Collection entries
════════════════

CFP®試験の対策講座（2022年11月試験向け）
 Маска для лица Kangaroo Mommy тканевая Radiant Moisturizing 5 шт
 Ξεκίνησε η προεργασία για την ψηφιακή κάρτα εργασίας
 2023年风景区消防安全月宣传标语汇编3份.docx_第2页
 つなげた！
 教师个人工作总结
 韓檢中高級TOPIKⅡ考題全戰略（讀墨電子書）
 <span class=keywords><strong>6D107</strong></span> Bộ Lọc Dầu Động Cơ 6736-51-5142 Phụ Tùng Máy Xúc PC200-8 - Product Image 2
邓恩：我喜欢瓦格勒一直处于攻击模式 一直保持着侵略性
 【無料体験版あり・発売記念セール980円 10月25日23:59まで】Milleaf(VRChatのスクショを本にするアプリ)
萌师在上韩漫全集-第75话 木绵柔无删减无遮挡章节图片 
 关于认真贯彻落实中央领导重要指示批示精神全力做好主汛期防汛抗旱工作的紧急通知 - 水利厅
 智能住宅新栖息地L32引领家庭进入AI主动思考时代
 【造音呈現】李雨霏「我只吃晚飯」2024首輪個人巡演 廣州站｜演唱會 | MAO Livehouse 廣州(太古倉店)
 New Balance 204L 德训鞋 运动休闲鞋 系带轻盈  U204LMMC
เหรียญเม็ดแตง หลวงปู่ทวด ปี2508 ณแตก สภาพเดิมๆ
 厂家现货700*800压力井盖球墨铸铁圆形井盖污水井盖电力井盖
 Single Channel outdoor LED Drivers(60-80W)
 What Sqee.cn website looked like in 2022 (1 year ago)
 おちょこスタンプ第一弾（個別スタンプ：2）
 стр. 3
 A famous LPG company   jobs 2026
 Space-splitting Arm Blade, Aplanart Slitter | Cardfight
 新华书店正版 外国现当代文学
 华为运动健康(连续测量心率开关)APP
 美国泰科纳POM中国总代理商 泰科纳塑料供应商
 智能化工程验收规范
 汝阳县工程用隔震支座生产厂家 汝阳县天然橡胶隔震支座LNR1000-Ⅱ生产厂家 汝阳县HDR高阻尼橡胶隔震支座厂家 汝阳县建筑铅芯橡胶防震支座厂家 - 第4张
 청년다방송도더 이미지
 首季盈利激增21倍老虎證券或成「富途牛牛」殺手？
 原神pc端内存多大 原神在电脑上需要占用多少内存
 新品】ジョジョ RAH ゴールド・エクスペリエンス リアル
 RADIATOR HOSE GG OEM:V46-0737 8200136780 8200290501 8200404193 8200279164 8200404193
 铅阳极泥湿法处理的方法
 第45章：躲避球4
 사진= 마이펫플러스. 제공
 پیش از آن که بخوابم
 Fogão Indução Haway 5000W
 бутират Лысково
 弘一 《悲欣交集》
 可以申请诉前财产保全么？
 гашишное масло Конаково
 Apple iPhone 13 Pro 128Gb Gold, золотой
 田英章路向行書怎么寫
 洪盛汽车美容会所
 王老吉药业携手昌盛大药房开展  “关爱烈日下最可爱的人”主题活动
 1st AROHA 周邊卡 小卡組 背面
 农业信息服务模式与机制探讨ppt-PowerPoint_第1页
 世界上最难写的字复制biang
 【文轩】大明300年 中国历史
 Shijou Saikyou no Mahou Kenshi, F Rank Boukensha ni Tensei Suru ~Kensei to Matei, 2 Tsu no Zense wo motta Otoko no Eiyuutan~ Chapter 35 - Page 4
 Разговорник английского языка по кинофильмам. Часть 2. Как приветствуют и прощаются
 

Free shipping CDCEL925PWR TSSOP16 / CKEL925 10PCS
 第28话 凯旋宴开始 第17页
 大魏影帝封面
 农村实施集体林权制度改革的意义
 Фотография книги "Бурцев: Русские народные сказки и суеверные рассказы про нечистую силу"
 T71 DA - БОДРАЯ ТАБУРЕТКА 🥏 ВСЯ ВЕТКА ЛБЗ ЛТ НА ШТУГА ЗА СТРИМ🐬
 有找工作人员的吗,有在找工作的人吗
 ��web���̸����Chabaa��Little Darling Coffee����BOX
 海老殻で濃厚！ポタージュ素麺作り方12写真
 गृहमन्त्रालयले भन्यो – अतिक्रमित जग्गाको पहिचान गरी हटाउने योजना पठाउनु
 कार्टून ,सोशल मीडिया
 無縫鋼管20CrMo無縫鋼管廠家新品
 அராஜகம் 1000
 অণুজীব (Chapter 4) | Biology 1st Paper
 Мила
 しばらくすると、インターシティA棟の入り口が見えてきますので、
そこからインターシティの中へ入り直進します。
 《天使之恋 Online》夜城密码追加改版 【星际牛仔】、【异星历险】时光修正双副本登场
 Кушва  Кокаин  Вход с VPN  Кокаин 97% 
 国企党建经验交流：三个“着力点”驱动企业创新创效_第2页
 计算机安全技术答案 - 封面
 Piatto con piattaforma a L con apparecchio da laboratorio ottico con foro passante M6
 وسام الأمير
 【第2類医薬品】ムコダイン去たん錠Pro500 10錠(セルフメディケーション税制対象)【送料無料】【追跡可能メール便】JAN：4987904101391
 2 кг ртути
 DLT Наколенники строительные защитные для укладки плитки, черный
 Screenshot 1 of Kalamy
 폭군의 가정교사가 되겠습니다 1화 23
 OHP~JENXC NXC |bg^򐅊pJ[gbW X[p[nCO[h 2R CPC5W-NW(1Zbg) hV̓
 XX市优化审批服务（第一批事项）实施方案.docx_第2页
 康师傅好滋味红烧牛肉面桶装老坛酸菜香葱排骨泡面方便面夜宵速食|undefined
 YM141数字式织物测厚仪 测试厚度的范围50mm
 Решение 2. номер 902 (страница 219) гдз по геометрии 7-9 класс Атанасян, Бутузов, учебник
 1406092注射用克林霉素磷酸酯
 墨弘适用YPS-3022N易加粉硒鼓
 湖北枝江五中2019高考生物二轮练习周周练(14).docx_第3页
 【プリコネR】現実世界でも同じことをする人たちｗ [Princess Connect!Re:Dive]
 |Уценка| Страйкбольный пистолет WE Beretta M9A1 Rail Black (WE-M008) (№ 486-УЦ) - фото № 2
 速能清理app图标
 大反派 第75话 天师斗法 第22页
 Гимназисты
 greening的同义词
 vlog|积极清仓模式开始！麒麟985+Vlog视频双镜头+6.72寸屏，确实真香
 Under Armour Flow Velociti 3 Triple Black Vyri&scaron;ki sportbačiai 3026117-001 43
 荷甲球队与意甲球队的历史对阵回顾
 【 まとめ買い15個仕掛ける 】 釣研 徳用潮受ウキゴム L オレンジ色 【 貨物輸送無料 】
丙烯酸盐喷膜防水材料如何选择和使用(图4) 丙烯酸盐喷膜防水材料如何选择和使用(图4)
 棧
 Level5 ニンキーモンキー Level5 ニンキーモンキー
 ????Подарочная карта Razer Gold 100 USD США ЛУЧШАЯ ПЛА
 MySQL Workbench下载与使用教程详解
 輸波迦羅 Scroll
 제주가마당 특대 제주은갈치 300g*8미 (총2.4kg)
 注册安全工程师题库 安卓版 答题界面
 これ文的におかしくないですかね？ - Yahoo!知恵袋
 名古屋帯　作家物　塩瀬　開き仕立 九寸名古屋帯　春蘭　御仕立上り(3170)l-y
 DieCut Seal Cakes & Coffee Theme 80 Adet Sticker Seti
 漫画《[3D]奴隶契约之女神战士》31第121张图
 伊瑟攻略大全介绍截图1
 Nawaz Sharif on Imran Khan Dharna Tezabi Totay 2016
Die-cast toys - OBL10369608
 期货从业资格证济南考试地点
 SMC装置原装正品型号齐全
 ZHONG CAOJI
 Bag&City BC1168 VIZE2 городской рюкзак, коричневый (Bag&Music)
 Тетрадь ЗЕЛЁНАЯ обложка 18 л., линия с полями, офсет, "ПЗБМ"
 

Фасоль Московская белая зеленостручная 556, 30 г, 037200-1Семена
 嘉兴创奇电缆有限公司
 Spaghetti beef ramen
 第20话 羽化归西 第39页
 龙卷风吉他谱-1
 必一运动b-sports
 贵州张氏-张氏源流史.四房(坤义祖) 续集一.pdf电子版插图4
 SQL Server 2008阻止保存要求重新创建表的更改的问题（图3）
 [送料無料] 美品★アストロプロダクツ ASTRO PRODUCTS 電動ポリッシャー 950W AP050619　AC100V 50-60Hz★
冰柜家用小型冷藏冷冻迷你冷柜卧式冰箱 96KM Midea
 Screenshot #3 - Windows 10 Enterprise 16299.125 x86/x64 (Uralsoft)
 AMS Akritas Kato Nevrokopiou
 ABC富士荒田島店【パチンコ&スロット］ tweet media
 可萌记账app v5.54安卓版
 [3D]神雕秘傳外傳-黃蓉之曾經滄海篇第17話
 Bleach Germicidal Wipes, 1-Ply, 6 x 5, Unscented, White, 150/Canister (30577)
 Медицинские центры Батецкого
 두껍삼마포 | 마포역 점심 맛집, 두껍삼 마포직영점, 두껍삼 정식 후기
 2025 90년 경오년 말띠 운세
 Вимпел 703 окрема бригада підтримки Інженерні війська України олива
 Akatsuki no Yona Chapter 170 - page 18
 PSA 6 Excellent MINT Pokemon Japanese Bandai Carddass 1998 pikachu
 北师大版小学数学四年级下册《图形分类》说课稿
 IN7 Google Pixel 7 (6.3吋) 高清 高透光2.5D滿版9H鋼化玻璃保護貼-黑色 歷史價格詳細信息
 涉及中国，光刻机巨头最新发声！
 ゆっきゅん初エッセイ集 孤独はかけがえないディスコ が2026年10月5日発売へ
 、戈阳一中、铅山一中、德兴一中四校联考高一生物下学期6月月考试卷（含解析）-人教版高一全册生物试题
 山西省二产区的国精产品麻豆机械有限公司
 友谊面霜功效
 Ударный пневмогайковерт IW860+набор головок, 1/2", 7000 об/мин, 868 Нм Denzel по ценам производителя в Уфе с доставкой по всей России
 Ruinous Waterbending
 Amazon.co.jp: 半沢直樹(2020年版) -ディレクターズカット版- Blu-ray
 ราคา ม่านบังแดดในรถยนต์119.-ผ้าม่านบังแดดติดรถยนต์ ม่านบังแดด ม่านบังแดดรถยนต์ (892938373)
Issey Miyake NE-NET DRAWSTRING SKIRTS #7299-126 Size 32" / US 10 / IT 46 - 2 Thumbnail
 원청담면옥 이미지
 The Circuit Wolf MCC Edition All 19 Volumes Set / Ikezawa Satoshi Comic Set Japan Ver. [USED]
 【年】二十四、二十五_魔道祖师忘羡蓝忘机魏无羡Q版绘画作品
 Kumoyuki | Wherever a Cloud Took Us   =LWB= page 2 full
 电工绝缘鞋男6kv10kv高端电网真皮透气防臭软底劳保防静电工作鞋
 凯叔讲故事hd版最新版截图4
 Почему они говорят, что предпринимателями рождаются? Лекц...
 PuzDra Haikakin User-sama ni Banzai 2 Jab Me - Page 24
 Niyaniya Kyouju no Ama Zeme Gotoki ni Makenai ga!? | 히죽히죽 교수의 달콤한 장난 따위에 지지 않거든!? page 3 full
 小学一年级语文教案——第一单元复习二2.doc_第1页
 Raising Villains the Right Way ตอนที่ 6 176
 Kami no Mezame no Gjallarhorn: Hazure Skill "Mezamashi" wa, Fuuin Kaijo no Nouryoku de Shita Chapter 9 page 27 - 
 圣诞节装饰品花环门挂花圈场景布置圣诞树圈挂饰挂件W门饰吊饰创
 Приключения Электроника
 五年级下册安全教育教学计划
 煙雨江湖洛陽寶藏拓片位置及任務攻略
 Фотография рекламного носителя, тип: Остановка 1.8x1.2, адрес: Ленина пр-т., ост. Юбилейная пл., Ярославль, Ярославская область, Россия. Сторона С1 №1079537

════════════════

• **TASK REQUIREMENTS**:
Please output exactly the lines from the one containing "Kumoyuki | Wherever" through the end of the records, both included.

• **RESPONSE TO THE TASK**:
 Kumoyuki | Wherever a Cloud Took Us   =LWB= page 2 full
 电工绝缘鞋男6kv10kv高端电网真皮透气防臭软底劳保防静电工作鞋
 凯叔讲故事hd版最新版截图4
 Почему они говорят, что предпринимателями рождаются? Лекц...
 PuzDra Haikakin User-sama ni Banzai 2 Jab Me - Page 24
 Niyaniya Kyouju no Ama Zeme Gotoki ni Makenai ga!? | 히죽히죽 교수의 달콤한 장난 따위에 지지 않거든!? page 3 full
 小学一年级语文教案——第一单元复习二2.doc_第1页
 Raising Villains the Right Way ตอนที่ 6 176
 Kami no Mezame no Gjallarhorn: Hazure Skill "Mezamashi" wa, Fuuin Kaijo no Nouryoku de Shita Chapter 9 page 27 - 
 圣诞节装饰品花环门挂花圈场景布置圣诞树圈挂饰挂件W门饰吊饰创
 Приключения Электроника
 五年级下册安全教育教学计划
 煙雨江湖洛陽寶藏拓片位置及任務攻略
 Фотография рекламного носителя, тип: Остановка 1.8x1.2, адрес: Ленина пр-т., ост. Юбилейная пл., Ярославль, Ярославская область, Россия. Сторона С1 №1079537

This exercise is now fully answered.